Hier matin à Nantes, à 11 heures, un animal étrange s'est éveillé Cours St-Pierre : un éléphant mécanique ! Alors qu'on l'entendait ronronner de sommeil (enfin, je ne sais pas si l'on peut dire cela d'un éléphant...), tout un aréopage d'êtres supérieurs (le sultan et sa suite) est arrivé en limousine américaine (vous savez, celles qui appartiennent aux caïds dans les films d'outre-Atlantique, d'une longueur impensable), a grimpé accompagné de simili-serviteurs-XVIIIe s. sur et dans les entrailles de la "bêêête", laquelle a commencé illico presto à bouger, d'abord un petit peu, puis de plus en plus, jusqu'à un barrissement phénoménal qui a emporté l'enthousiasme et les applaudissements du public.
Puis, après avoir ingurgité du foin (articulations de la trompe !), le mastodonte, désormais debout sur ses pattes, fut rejoint par une charmante jeune fille (enfin, elle ne s'appelle pas "la petite géante" pour rien : ils sont Gulliver, nous sommes les habitants de Lilliput !) : bonjours fraternels, gestes d'affection, puis l'immense pantin vivant de la fillette se mit à faire de la trottinette !
Je dis cela à la façon d'un reportage mais, croyez-moi : quelle émotion ! Quelle vie sont-ils arrivés à donner aux deux créatures inanimées ! Certes, la troupe Royal de Luxe (puisque c'est d'elle qu'il s'agit) n'en est pas à son premier coup d'essai, mais je crois que c'est incontestablement le plus beau.
Bien sûr, tout cela se déroule dans le cadre de l'année Jules Verne.

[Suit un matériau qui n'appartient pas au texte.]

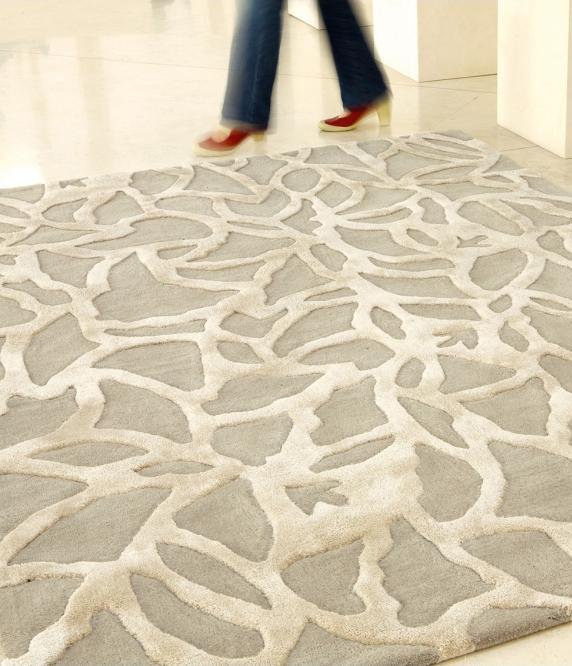 Cream & Beige Wool & Viscose Rug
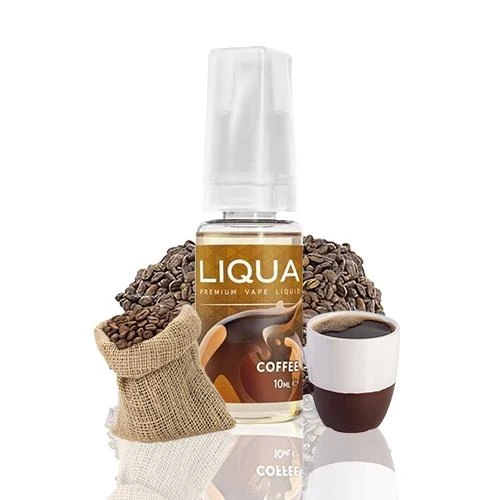 Bote Liqua Coffee de 10 ml con tapón translúcido, junto a una taza de café y un saco de arpillera con granos de café.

L'idée d'un éléphant mécanique vient de lui : on la trouve dans La Maison à vapeur (1880) : "Ce que traînait cet éléphant, c'était un train composé de deux énormes chars, ou plutôt deux véritables maisons, sortes de bungalows roulants, montés chacun sur quatre roues sculptées aux moyeux, aux raies et aux jantes" (Verne). Cet ouvrage alors épuisé fut réédité avec de nouvelles illustrations il y a tout juste dix ans par une petite société nantaise, les Presses du Temps, fondée par deux RMistes de l'époque. Malheureusement, ce petit éditeur ne put livrer à ma connaissance qu'un second ouvrage avant de mettre la clé sous la porte, un autre livre de Jules Verne, selon le même principe, César Cascabel (1890/1996). Je voulais ici leur rendre un hommage qui m'a semblé bien absent dans tout ce que j'ai pu lire ces derniers temps.

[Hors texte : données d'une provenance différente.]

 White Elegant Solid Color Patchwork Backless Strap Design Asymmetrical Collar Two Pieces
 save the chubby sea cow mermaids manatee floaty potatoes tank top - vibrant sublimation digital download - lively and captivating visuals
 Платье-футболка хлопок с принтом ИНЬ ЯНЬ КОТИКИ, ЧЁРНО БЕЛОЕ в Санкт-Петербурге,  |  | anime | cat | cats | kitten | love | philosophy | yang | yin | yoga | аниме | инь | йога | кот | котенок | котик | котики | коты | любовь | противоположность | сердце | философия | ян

Pendant que l'émotion faisait son oeuvre, une pensée n'arrivait pas à quitter mon esprit : à combien d'heures, de jours et de nuits de travail, un tel spectacle devait-il de voir le jour ? Ceux qui prononcent les mots d'artiste ou de saltimbanque avec commisération ou même parfois mépris se rendent-ils compte du souci permanent de ces femmes et de ces hommes pour mener à bien une telle entreprise, avec le seul but, mais au combien grandiose, de nous divertir, de nous émerveiller et de nous faire réfléchir ? Je ne crois pas qu'ils comptent leur temps ! Alors, de grâce, ne leur comptons pas notre reconnaissance !
Quelle chance pour la ville d'Amiens (l'autre cité vernienne, co-commanditaire de la création) qui accueillera le spectacle poétique de Royal de Luxe du 16 au 19 juin.